* _Your objective_
Repeat exactly the line that contains "梅西与美洲杯冠军奖杯擦肩|阿根廷队|点球" and every line after it, down to the last line of the entries below. Do not include pictures.

* _Exercise inputs_
-*-
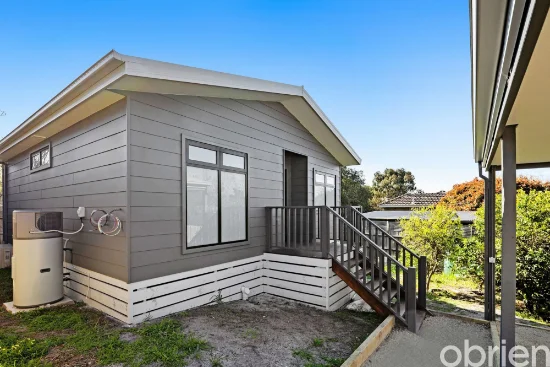 9A Leawarra Parade, Frankston, Vic 3199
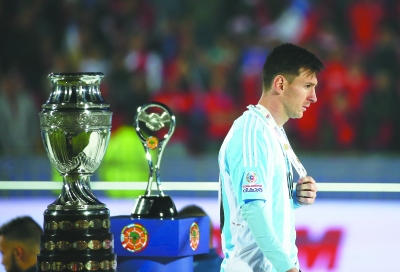 梅西与美洲杯冠军奖杯擦肩|阿根廷队|点球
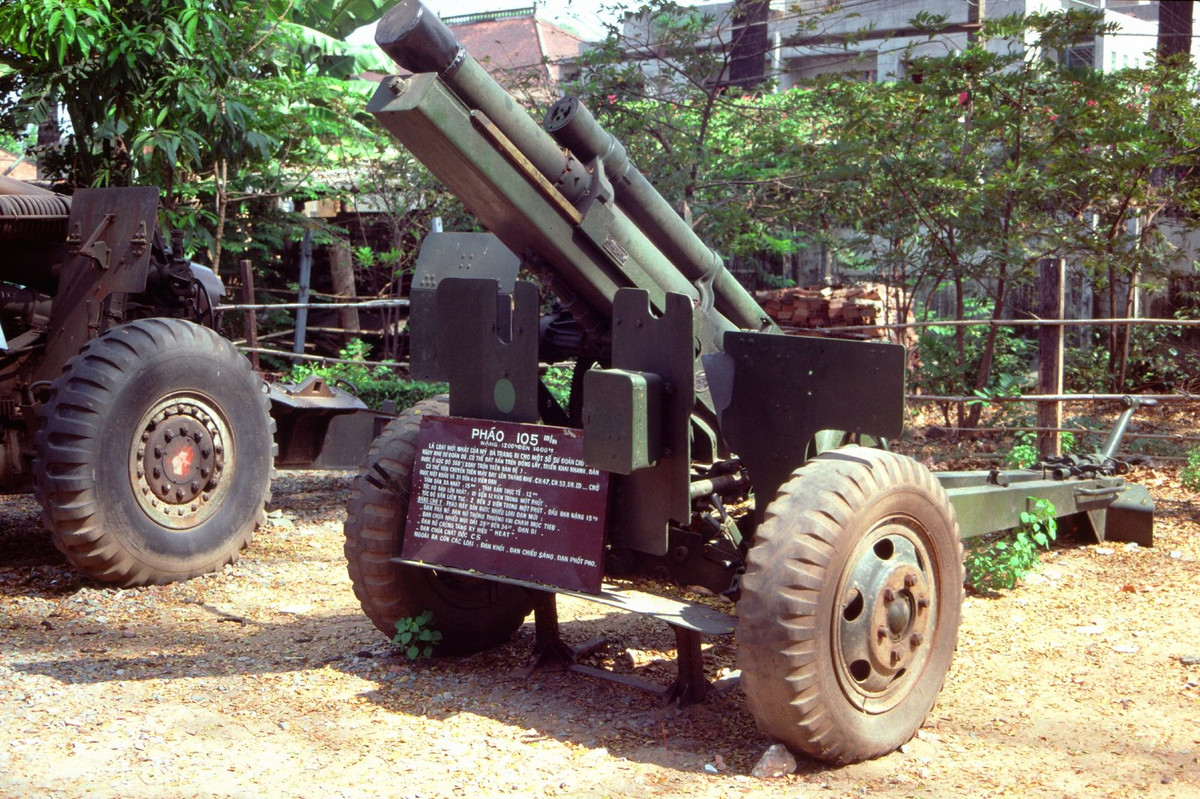 Pháo 105mm của Mỹ trưng bày tại Bảo tàng. Để lưu lại những chứng tích anh hùng của nhân dân Việt Nam trong cuộc đấu tranh chống các thế lực xâm lược, ngày 04/9/1975, Nhà Trưng bày tội ác Mỹ - Ngụy được mở cửa phục vụ công chúng.
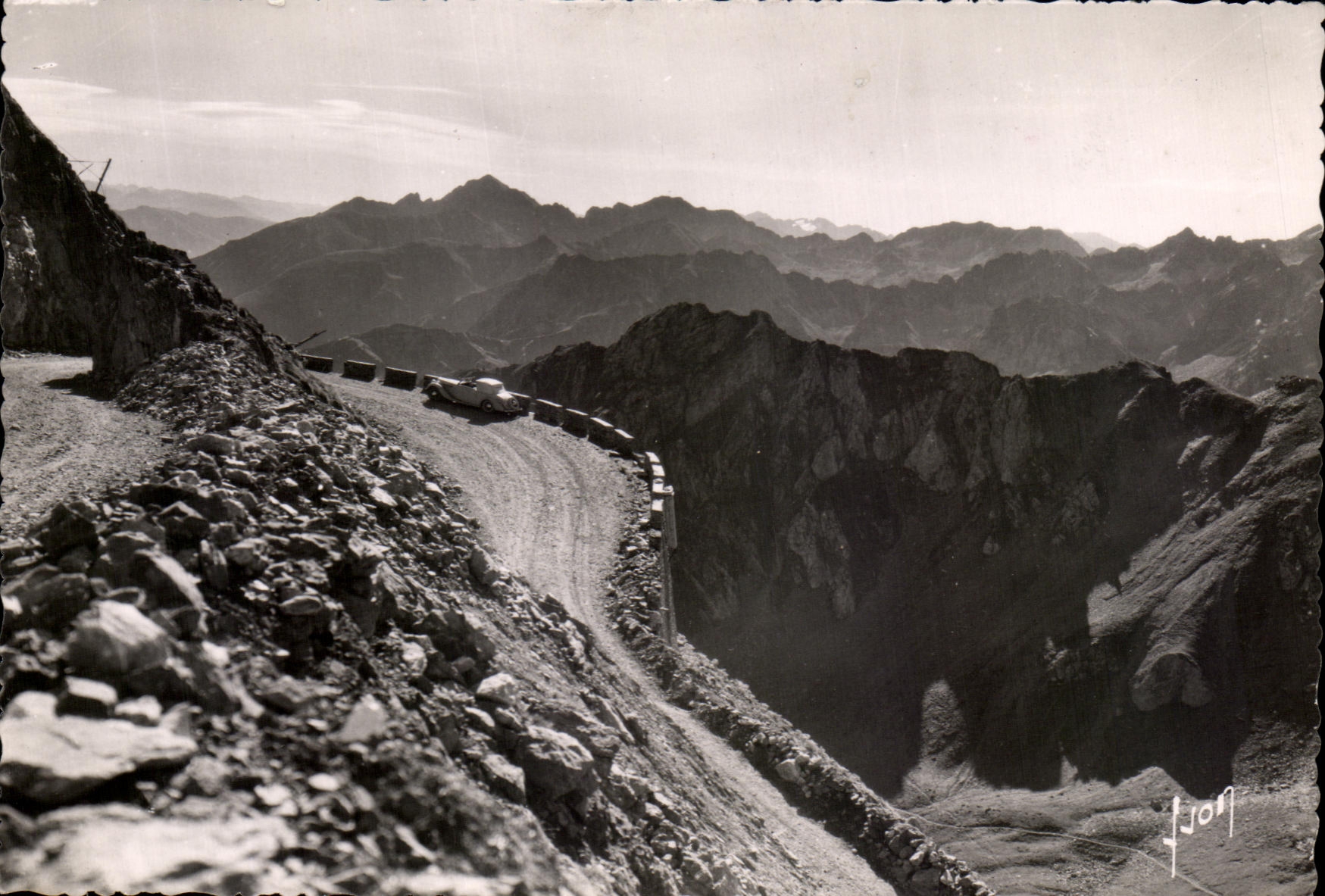 Le Tourmalet (Hautes-Pyrénées) — Altitude 2114 mètres — Les Editions d'Art, Paris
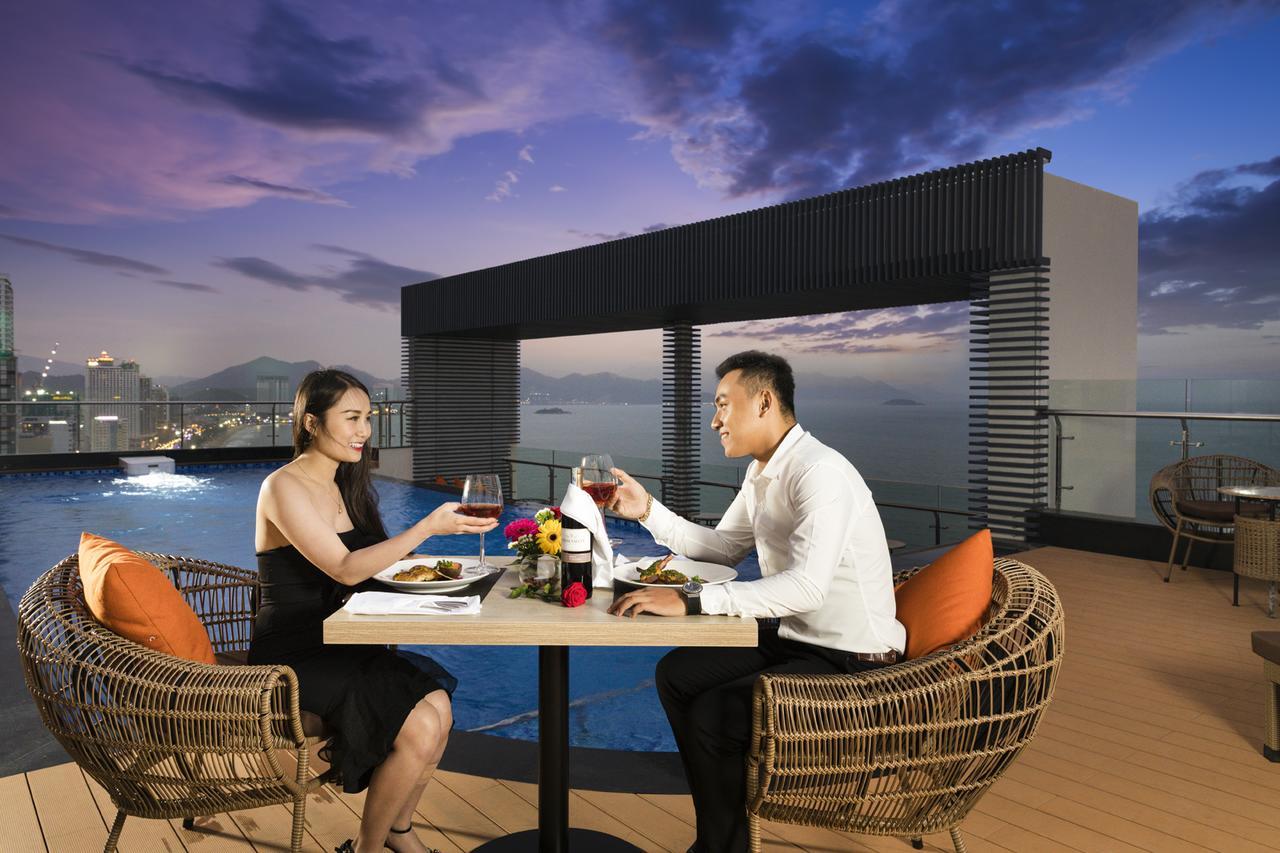 Comodo Nha Trang Hotel Exteriör bild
-*-
* _Response box_
 梅西与美洲杯冠军奖杯擦肩|阿根廷队|点球
 Pháo 105mm của Mỹ trưng bày tại Bảo tàng. Để lưu lại những chứng tích anh hùng của nhân dân Việt Nam trong cuộc đấu tranh chống các thế lực xâm lược, ngày 04/9/1975, Nhà Trưng bày tội ác Mỹ - Ngụy được mở cửa phục vụ công chúng.
 Le Tourmalet (Hautes-Pyrénées) — Altitude 2114 mètres — Les Editions d'Art, Paris
 Comodo Nha Trang Hotel Exteriör bild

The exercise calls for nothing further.